When I was a kid I wanted to have fun, that was my mission. I wanted to play with cars, play business, play mommy daddy, play household…play whatever. What mattered the most to me was taking what was in front of me and having fun with it. Play with it. The people in my life mattered – to be with them, to experience them. Then I grew up. And started worrying about not being taken serious unless I showed up in Prada…or if my movie wasn’t bought by WB, or Fox.
I have met a lot of people who have had success for periods of time and failed miserably at other times. Every time it still hits me that I don’t get why they took the failure so damn hard, because I hung out with them because I liked their company, not because they were successful. I was having a good time with them, so I couldn’t understand why they weren’t having a good time with themselves. I love people who don’t take no for an answer and pursue their dreams fearlessly, but that’s different from sitting sulking in a corner f your plans didn’t go according to plan. Very different. As I see it, the most successful people are those that can have a good time no matter what. If you can have fun…man, you are so lucky. And let me tell you, when I die, I believe I’ll remember the time I fell on my ass, crying from laughter, not the time I made my first million.
So let’s play why don’t we? Don’t be too tired for pillow talk – be too tired for worrying. Don’t be too busy to laugh – be too busy to always have to be important/right. Don’t be too tired to play – be too tired to be serious. Screw it let’s do it – live your passions, ignite your dreams…talk dirty to someone…make them laugh till they cry…
Around two am this morning I was riding on a friend’s shoulders through Camden Town, eating raw ice cream. Now, to walk through Camden in an Armani suit is probably a lot more weird than what we were doing. Yet, I saw one person give me a look like “what the fuck?!?!” And somehow it got me thinking.
Yesterday I talked about how we play with words – how we may undress, or dress our words so as to avoid speaking the truth, but at the same time speaking the truth. I.e. we play little games – either because it’s fun (like flirting), or because we are scared and want an exit plan if someone should disagree with our words, or the intention behind them. So I thought a lot about being naked. Of stripping bare. Is it scary? If so, what’s there to be afraid of? Yourself?
Someone told me when I started this blog that I was brave, because just imagine – I was sharing who I am rather openly. Like it was a risk. What’s the risk in it though? People may not like it. People may give me shit for it. And I may change my opinion tmrw. but I cannot hide what I used to think. Fine. But what if what I feed them every day is not me? Then what? Well, what I am then is someone living a lie. And don’t tell me that that’s not who I truly am, because that is me – choosing to be a lie every day. What’s the risk of that? Never living at all.

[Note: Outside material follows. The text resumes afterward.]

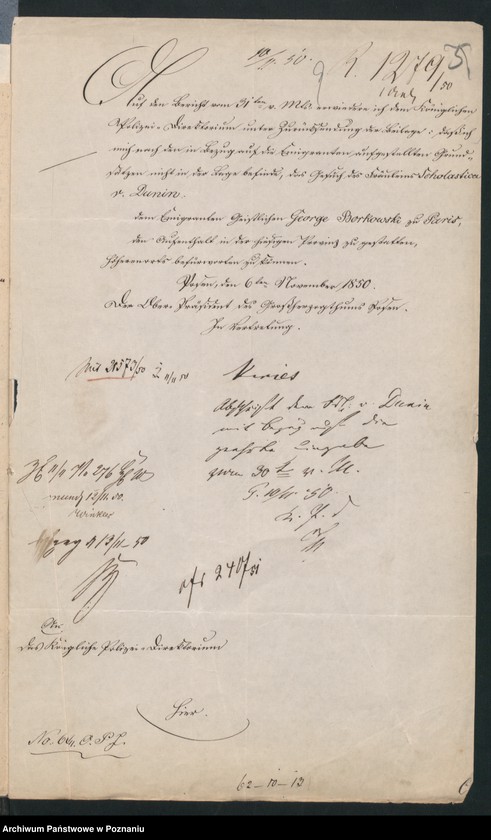 Obraz 12 z jednostki "A. betr. George Borkowski Geistlichen aus Paris"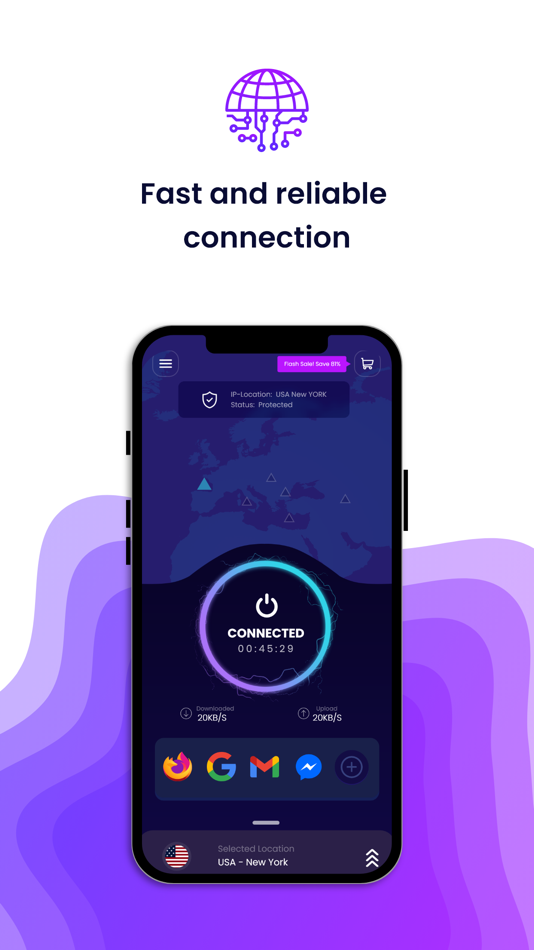 #1. SwoshsVPN: Fast & Secure VPN (macOS) Podle: ioTegrity Technology Inc.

People behave like the truth is painful. I think it’s all the lies that are painful. The lies make us scared of who we are, when it’s being who we are that brings us all the freedom.
You have been hypnotized since you were born into thinking what’s right and wrong and what your goals in life should be. I know all this. Yet, I feel more comfortable with people that I know think similar thoughts to me. People that won’t question me. People that have a similar outlook in life. I still start squirming when I sit next to someone who is having a conversation about the latest issue of Elle Magazine and lipstick. I simply don’t know what to say. And I am certain the person will not like me. So I really try to think of something to say that suits who they are. I still want to be liked. To be liked of course all you have to do is like yourself for who you are. So that you can relax when you sit next to someone that is everything that society ever said you ought to be without feeling weird. Because nine times out of ten it’s not them not liking you. It’s you not liking you. It’s you thinking you have to be someone else.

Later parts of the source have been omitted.